Now that we have stored the weights of COMP 101 grade categories, we need to ask the user for their problem set, participation, and quiz grades. We don’t need to ask for an exam grade, because the purpose of this program is to calculate the exam grade needed to achieve a goal final grade. Additionally, we will just ask the user for their average quiz grade (it would be painful to ask the user for 6 individual grades).

What you need to do: Declare three number variables named problemSetGrade, participationGrade, and averageQuizGrade. Then, assign the corresponding number values (provided by the user) to these variables. Note that these values should be a grade from 0 to 100 (not 0.0-1.0). For example, you should assign problemSetGrade the value of:

await promptNumber("What is your problem set grade, from 0-100?");

Similarly, you should prompt the user for their participation and quiz grades and store these values in participationGrade and averageQuizGrade.

Part 1.3: Goal final grade.

The last piece of information we need to calculate the exam grade the user needs is their goal final grade.

What you need to do: Declare one number variable named goalFinalGrade. Then, store the user’s number response to “What is your goal final grade, from 0-100?” in this variable.

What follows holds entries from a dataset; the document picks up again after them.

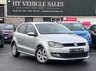 USED 2012 12 VOLKSWAGEN POLO 1.2 Match Hatchback 5dr Petrol Manual  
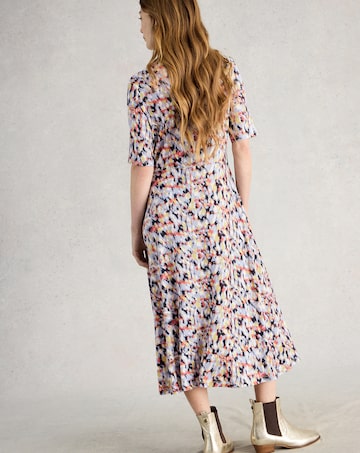 White Stuff Madeline Jersey Dress
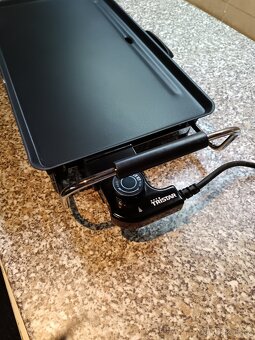 Elektrický gril - 3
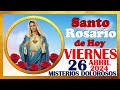 Video de Santa María del Rosario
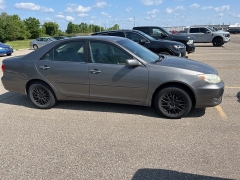 Used 2005 Toyota Camry 4dr Sdn V6 Auto (Natl) at Maxx Loans near ,
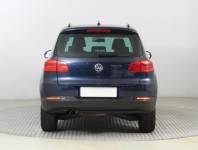 Volkswagen Tiguan  2.0 TDI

Part 1.4: Calculating the exam grade.

We now have all the information we need to determine the exam grade needed by the user to achieve their goal final grade. For a moment, imagine that you know the user’s exam grade, and that their final course grade is unknown. How would you calculate their final grade in the course? Now, in this scenario, the unknown is the user’s exam grade. How do you determine this value?

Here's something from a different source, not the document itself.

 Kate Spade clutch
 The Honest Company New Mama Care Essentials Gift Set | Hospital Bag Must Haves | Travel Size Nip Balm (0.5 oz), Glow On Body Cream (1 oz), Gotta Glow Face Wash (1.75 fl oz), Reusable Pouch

What you need to do: On a piece of paper, work out a formula to compute the exam grade the user needs. Now, using the variables you created in parts 1.1-1.3, transfer this formula to your program and store the result in a number variable named examGradeNeeded. Finally, print the value of examGradeNeededNote: Only print the exam grade, do not concatenate it with a string. This will throw off the grader!

Navigate to your web browser and test with different values as input. Does the result make sense? If not, look over your formula and test it for errors in a calculator. If so, you’re ready to publish!

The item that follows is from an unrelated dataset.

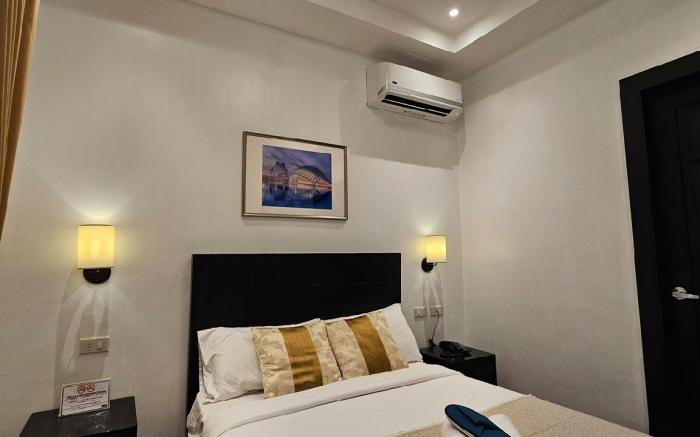 Aroma Suite 1 - Hotel El Sur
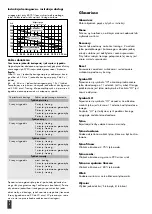 Preview for 70 page of Kettler SM3305-68 Training And Operating Instructions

Part 1.4: Publish your grade calculator. With your program running in your web browser, find the green "Publish App" button. If you are not still logged into, you will be prompted to log in, and then your app will be bundled and published to the web!

Part 1.5: Submit for grading

To submit for grading first publish your project. Then, go to My101 in the top-right right corner of this page and select "Submit" next to the assignment. From here you should see a button that allows you to submit for grading. Your work will be graded through an automated process. If you receive points off, please select the "Report" link to see which tests did not pass. You can resubmit as many times as you'd like without penalty up until the deadline. We want you to keep working toward full credit on problem sets!